The Pioneer Institute for Public Policy Research has influenced many areas of state education policy. But, the authors say that Pioneer "almost single-handedly" advanced charter school and voucher programs.
How do they do it? In part by a revolving door between the Pioneer Institute, Republican administrations and private companies holding no-bid charter contracts. For example, the authors report that "the chair of the state Board of (public) Education is the former executive director of Pioneer. Another former executive director serves alongside him on the Board. The head of the Department of Education's Office of Charter School Accountability arrived at the job directly from Pioneer. These appointments continue the revolving door pattern between Pioneer and the Administration."
"While the institute claims to favor competition," write Dunphy and Aziz," three of its former executive directors, serving in the Weld Administration, ingeniously crafted the regulations not only to exempt charter schools from many of the mandates facing the public system (for instance, serving severely disabled students) but to accord them financial priority over public schools, largely insulating them from the uncertainties of the state budget process."
"Meanwhile," they conclude, "millions of dollars in contracts between charter schools and for-profit management companies, one of which was founded by Pioneer associates, have been awarded with no competitive bidding whatsoever. This from the folks who claim that, 'the public benefits from competition'
The result of all this may be less anything resembling the free market, so much as crony capitalism.

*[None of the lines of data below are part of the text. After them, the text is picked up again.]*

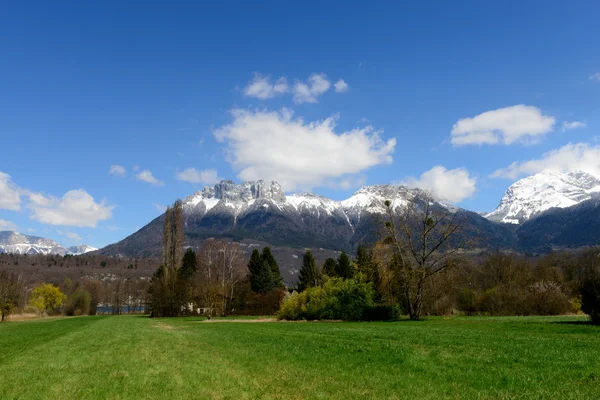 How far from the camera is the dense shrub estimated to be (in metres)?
43.7

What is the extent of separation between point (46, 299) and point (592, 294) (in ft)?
405

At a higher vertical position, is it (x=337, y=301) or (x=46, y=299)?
(x=337, y=301)

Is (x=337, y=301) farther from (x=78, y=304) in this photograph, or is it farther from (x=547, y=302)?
(x=78, y=304)

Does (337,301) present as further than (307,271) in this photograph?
No

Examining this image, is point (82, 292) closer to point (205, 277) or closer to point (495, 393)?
point (205, 277)

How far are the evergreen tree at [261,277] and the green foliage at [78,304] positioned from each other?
54.2 meters

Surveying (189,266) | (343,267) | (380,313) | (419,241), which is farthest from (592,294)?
(189,266)

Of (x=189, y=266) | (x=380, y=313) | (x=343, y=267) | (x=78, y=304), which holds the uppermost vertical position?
(x=189, y=266)

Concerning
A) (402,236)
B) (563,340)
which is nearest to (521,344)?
(563,340)

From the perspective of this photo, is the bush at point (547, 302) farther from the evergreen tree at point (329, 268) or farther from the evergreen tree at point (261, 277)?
the evergreen tree at point (261, 277)

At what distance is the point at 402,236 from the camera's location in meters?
45.0

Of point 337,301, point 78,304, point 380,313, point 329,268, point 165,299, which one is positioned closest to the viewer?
point 380,313

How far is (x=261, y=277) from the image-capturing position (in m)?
90.7

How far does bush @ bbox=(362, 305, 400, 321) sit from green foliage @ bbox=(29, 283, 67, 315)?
332 ft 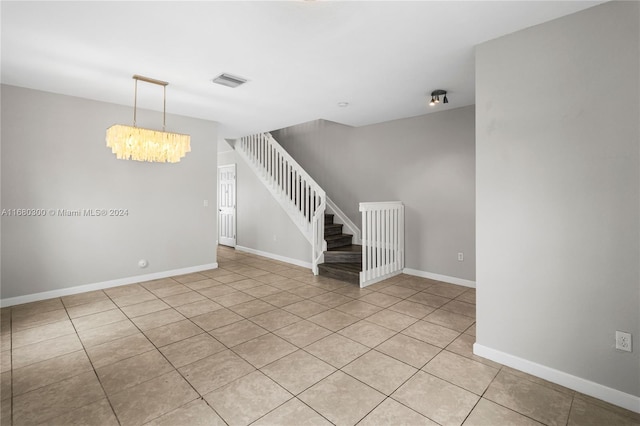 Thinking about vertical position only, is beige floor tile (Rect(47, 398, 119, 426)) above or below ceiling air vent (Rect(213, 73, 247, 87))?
below

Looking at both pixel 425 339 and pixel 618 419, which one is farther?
pixel 425 339

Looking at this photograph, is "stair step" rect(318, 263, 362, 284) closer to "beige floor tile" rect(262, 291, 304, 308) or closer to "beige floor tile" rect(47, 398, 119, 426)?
"beige floor tile" rect(262, 291, 304, 308)

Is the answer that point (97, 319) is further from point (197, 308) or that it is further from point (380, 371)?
point (380, 371)

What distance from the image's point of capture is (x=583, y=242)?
2.11m

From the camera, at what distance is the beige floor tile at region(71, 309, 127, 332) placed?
10.3 feet

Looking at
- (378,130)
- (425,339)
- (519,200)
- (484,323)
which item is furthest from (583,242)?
(378,130)

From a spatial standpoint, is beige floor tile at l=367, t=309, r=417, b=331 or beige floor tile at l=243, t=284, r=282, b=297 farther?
beige floor tile at l=243, t=284, r=282, b=297

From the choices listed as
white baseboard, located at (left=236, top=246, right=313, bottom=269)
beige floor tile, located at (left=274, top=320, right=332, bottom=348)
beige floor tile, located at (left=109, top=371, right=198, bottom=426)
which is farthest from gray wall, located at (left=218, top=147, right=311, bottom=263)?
beige floor tile, located at (left=109, top=371, right=198, bottom=426)

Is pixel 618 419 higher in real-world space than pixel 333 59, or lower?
lower

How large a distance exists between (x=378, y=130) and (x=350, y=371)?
430 cm

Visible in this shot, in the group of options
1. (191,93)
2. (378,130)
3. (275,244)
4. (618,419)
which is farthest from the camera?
(275,244)

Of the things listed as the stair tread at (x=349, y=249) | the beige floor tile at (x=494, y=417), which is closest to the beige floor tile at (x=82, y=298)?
the stair tread at (x=349, y=249)

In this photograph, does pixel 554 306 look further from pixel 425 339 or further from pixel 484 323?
pixel 425 339

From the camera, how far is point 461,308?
3.65 meters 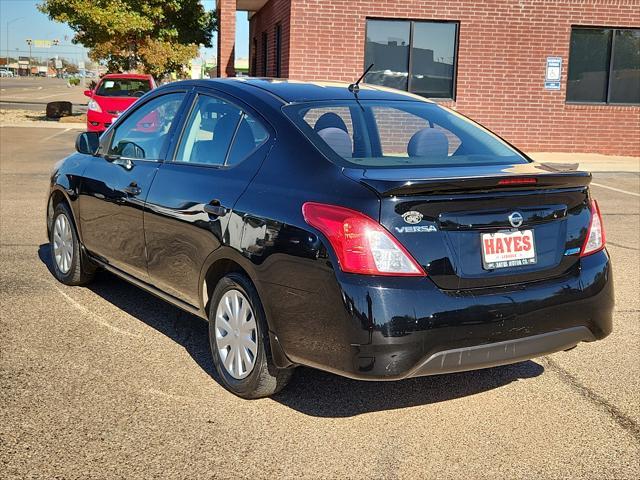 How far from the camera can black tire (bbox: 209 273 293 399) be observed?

"Pioneer operatives," Dunphy and Aziz charge, have steered huge private subsidies to charter schools enabling them to out spend the neighboring public system by hundreds of dollars per student, even as conservative groups continue to charge that public schools are 'over-funded.'"
They call Pioneer and other free marketeers "hypocrites" for pushing for standardized testing for public school kids, while seeking "vouchers to private and religious institutions that want nothing to do with MCAS" (Massachusetts Comprehensive Assessment System) the controversial state standardized test.
"As millions are siphoned off to charters, municipalities face the unpleasant reality of either higher property taxes or leaner educational programs," Aziz and Dunphy charge. "Wherever there are charter schools, from Martha's Vineyard and Boston, to Fitchburg, Worcester, and Northampton, public school kids pay the price of privatization."
There is a question that is long overdue with regard to the financing and management of charter schools. In a time of budget crises, why are municipalities and states subsidizing private, for-profit academies that benefit a very few, at the expense of everyone else?
Struggles over school privatization are being waged all over the country,of course. But the impetus behind some of it, just as in Massachusetts, is a national network of state-level conservative think tanks that have sprung up, while national policy in many areas "devolved" to the states during the Reagan and Bush administrations. I documented this in an earlier report for PRA titled Takin' It to the States: The Rise of State-Level Conservative Think Tanks. Pioneer, like the others, is bankrolled by rightwing business interests and foundations. Pioneer's supporters, as Dunphy and Aziz note, include the "Walton (as in Walmart) Family Fund."
This network, and the various privatization schemes they promote, deserve far more scrutiny than they have generally received from the media, and public officials who treat their studies as legitimate scholarship and earnest public policy proposals.